Finding myself frustrated after six years of unemployment, I was at the temp agency in town doing my paperwork for a prospective job. They needed my North Carolina birth certificate, so I went home to look for it, instead, I found myself staring at my daddy’s refugee papers. Here, I found my beginning: a grass green Promissory Note issued to my daddy for $640. I stopped and I began to weep. I had the typical American childhood filled with my Uncle dressing up like Santa Claus, yes, Santa is Hmong. Birthday parties with the pointy hats and echoes of close your eyes and make a wish now. Everyone knows how challenging school can be but I beat the statistical odds and graduated as a Patriot with Honors and AIG from Freedom High School. I ended up as a Demon Deacon for Wake Forest University and by the time I managed to graduate in 2010, both my parents had lost their jobs at Southern Devices-Leviton and Capri Industries.
If I could encompass the hurt in my heart for the heavy weight that I feel for not being able to find a steady career into words, all I could muster would be Dr. King’s words, “In a sense we’ve come to our nation’s capital to cash a check. When the architects of our republic wrote the magnificent words of the Constitution and the Declaration of Independence, they were signing a promissory note to which every American was to fall heir. This note was a promise that all men, yes, black men as well as white men, would be guaranteed the unalienable rights of life, liberty, and the pursuit of happiness. It is obvious today that America has defaulted on this promissory note insofar as her citizens of color are concerned.”

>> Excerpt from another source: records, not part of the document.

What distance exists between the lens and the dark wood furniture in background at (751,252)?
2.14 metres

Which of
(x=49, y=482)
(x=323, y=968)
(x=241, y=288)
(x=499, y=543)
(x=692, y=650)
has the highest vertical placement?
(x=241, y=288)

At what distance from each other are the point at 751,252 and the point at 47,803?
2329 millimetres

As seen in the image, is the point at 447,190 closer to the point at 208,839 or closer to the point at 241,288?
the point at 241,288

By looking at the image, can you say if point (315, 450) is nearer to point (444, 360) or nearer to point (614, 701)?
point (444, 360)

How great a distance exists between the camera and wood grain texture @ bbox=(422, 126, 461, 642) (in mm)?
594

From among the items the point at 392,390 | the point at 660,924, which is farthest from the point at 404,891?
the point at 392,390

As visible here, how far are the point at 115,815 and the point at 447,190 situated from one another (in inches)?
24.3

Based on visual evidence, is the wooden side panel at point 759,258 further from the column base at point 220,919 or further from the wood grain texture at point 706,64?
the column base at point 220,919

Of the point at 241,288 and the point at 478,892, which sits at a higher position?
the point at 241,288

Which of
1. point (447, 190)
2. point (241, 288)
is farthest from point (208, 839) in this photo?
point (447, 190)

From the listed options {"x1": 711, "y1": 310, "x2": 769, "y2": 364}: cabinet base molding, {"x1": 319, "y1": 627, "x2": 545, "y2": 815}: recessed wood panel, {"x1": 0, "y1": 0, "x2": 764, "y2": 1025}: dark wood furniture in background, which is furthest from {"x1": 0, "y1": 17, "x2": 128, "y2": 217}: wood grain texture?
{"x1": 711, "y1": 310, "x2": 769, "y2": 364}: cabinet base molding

I’m still waiting for my check to bounce. I rather wish I was in a boxing match because at least I’d know who my opponent would be (Cinderella Man). How could I articulate the echoes of Dr. King’s words on that day because I am still paying that Promissory Note for my father. A poor Hmong village boy who was left with nothing but a musket rifle his father used to hunt when America decided to pull out of Southeast Asia.

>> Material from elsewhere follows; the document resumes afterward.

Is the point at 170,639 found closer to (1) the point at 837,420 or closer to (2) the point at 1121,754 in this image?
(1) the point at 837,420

My mother and I don’t know how to look each other in the face sometimes and express the dismay in our hearts because we don’t know how to do anything but cling to one another. How can you possibly know what you just don’t know? Please heed me in this turbulent climate of powerlessness the only thing I’ve been able to turn to has been writing my once broken grammar into my broken hearted thoughts of saying, “I don’t know this country, though I speak the language, no one understands my English or what I mean.”
As I write this story, I’m still unemployed with a stack of student debt accruing interest. My language is not of war but of survival now. What must I do to get a decent job?